Struggling to compose pipes-postgresql and pipes-tar

165 views
Skip to first unread message

Oliver Charles

unread,
Oct 16, 2013, 1:23:28 PM10/16/13
to haskel...@googlegroups.com
Hi folks,

It's been a while since I struggled to implement my own libraries, but don't worry - I'm back! I have finally rewritten pipes-tar to use its own custom iterator, which means it now provides the following functions:

parseTarEntries :: (Functor m, Monad m) => Pipes.Producer BS.ByteString m () -> TarArchive m

iterTarArchive :: Monad m => (forall a. TarHeader -> Pipes.Consumer BS.ByteString m a)

Thus users can parse a ByteString producer into a TarArchive, and then iterate over all entries in the archive with iterTarArchive. All well so far.

My intended use case is to stream PostgreSQL table dumps out of a tar archive, and into a PostgreSQL database. This means that I need to write a Consumer for iterTarArchive:

streamTable :: Pg.Connection -> TarHeader -> Pipes.Consumer BS.ByteString m a

And then I can stitch it all together:

iterTarArchive streamTable (parseTarEntries ...)

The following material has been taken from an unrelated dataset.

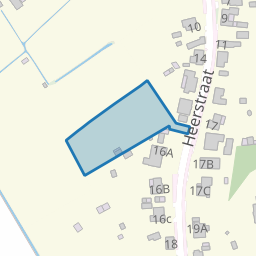 Perceel HUL00-S-1324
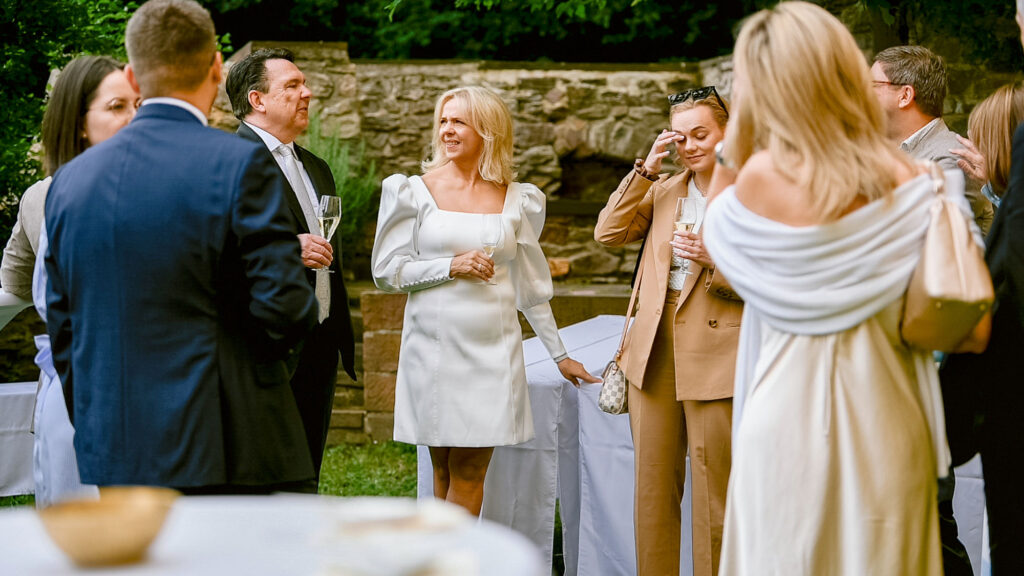 203_Schloss_Vollrads_Hochzeit_Castle_Wedding_Photo_Saskia_Marloh_Photographer-3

The problem is mostly in writing that Consumer. Streaming tables works with 3 steps:

  1. Begin COPY command
  2. Stream all the rows into a table
  3. putCopyEnd (or putCopyError) if something went wrong
  4. Repeat
The problem I'm having is getting step 3 to happen promptly. My initial attempt looked like this:

toTable
    :: (MonadIO m, Pipes.MonadSafe m, Pipes.Base m ~ IO)
    => Pg.Connection
    -> Format
    -> String
    -> Pipes.Consumer ByteString m a
toTable c fmt tblName = do
  putCopyEnd <- Pipes.register (void $ Pg.putCopyEnd c)

  Pipes.liftBase $ Pg.copy_ c $ fromString $ concat
    [ "COPY ", tblName
    , " FROM STDIN WITH (FORMAT " , show fmt, ")"
    ]

  Pipes.for Pipes.cat (liftIO . Pg.putCopyData c)
    `onException` (\e -> do Pipes.release putCopyEnd
                            Pipes.liftBase $ Pg.putCopyError c $
                              Text.encodeUtf8 . Text.pack $ show e)

 where

  action `onException` handler =
    action `catchAll` \e -> handler e >> throwM e

I register a finalizer, but remove it if an exception happens (preferring instead to close with putCopyError). However, by doing this, the finalizer happens only when all entries in the archive have been streamed - which is too late! What I want is something like runSafeP, but that is only usable on Effects, and I have a Consumer. If I had a way to use the ReleaseKey in putCopyEnd, I think I could use bracket - my acquire action would do nothing, and my release action would run the putCopyEnd finalizer and delete it from the finalizer map. If the onException handler has deleted this already, then nothing would happen.

Thoughts?
- Ollie

Gabriel Gonzalez

unread,
Oct 19, 2013, 12:17:28 AM10/19/13
to haskel...@googlegroups.com, Oliver Charles
Your `iterTarArchive` type was cutoff, so for the benefit of others I'm pasting the full type here:
iterTarArchive
  :: Monad m
  => (forall a. TarHeader -> Pipes.Consumer BS.ByteString m a)
  -> TarArchive m -> m ()
This is a mistake in my implementation of `onException`.  It should release the finalizer promptly in the event of an exception and not delay it until the end of the `SafeT` block.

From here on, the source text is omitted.